Uncle Eddy's E-mails -- August 21
Saint Pius X,
(entered heaven in 1914)
Starting college is like starting a new volume in your autobiography. Right now it is full of crisp, blank pages. Each day you will write something on those pages by the decisions you make and the habits you form. At the end you will have four years' worth of virtue, beauty, and worthy memories – or else pages and pages scribbled with self-indulgence, wasted time, and regrets. Every day, with all its opportunities and challenges, makes up part of your story, and only you can determine how it goes. I would offer you one little observation in that regard: it will help immensely to remind yourself that God is lovingly interested in each one of those pages and in what gets written on them. You may even want to start writing something like "God cares!" at the top of the page when you're taking notes in class to remind you of this. He really does; and he has something great in store for you. All he needs is for you to do your best and follow his lead, and you will discover it.
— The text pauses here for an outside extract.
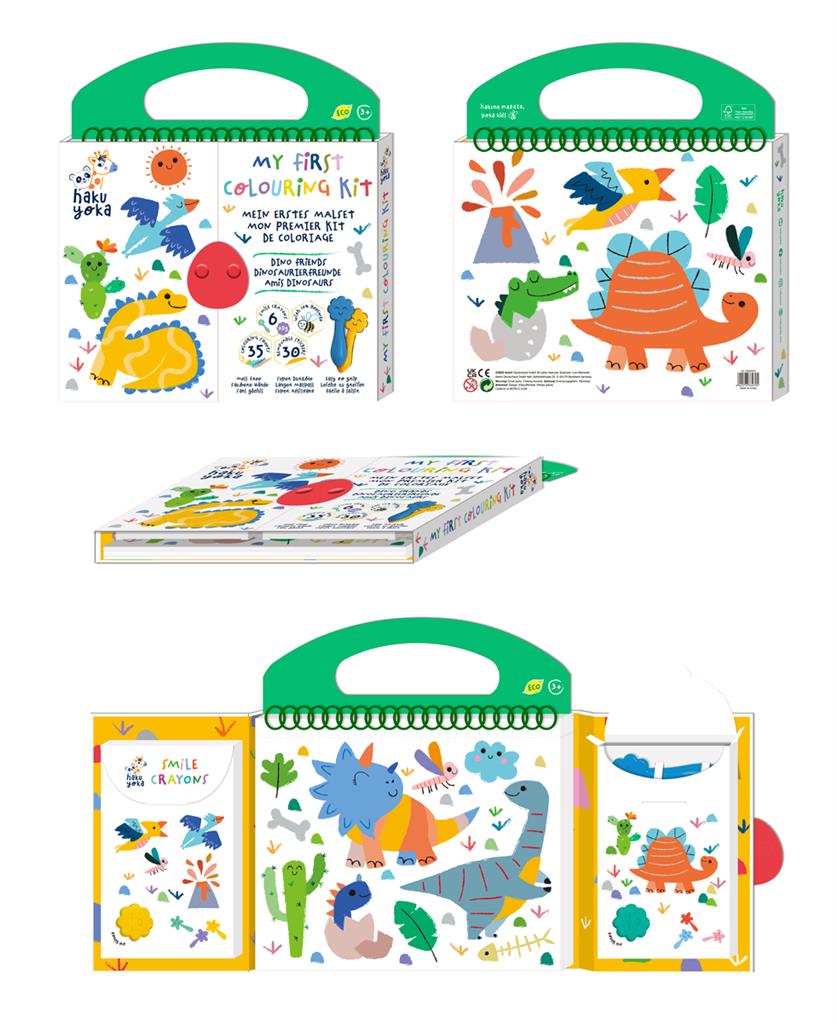 Set Mi Primer Libro Para Colorear dinosaurios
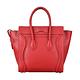 CELINE MICRO LUGGAGE經典燙銀LOGO小牛皮拉鍊手提囧包(紅) product thumbnail 3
Today's saint is a marvelous example of cooperating with God's providence. Giuseppe Sarto was a peasant boy from northeastern Italy. A good student, well liked, and with a lively faith, his parish priest recommended that he be sent to the seminary in Padua. It was a great sacrifice for his poor family to let him go, but they accepted it with faith. The young man always dedicated himself with good cheer to his formation, as difficult as it often was. God blessed him with a deep, vibrant charity and a sure, pastoral prudence. From the very beginning, his ministry was marked by a concern for the poor and an uncompromising dedication to prayer. Everywhere his bishop sent him, he renewed the faith of the people. Eventually, he himself was made bishop of Mantua, a diocese in terrible straits. So wisely and quickly did he set things in order (spiritually and materially) that the Pope appointed him to the grand Patriarchate of Venice, which he nobly served for ten years, before being elected Pope himself in 1903.
For centuries, Popes had been drawn from the ranks of scholars and diplomats, but here, much to the world's surprise, was a simple peasant priest. To the end of his days the regalia and protocol of high office burdened him, but his love for the Church and for Christ prompted him to set in motion a renewal whose ripples continued to spread even into the Second Vatican Council. He authorized the movement for liturgical reform, for more frequent communion, for a rejection of modern atheistic philosophies, and for many other religious and diplomatic causes that shone brilliantly in an age darkened by the imminence of war. Indeed, it was the outbreak of World War I, which he had predicted even to the month and year, which finally broke down his indomitable verve. Upon the declaration of war, he said, "This is the last affliction that the Lord will visit on me. I would gladly give my life to save my poor children from this ghastly scourge." Give his life he did, just a few days later, though the scourge raged on.
You will find a thorough biography of Pope St Pius X inspiring reading as you begin this new stage of life. It will help you throw yourself heart and soul into everything God asks of you, making every page a worthy tale – which is the best (and only) way to brave the great adventure of life.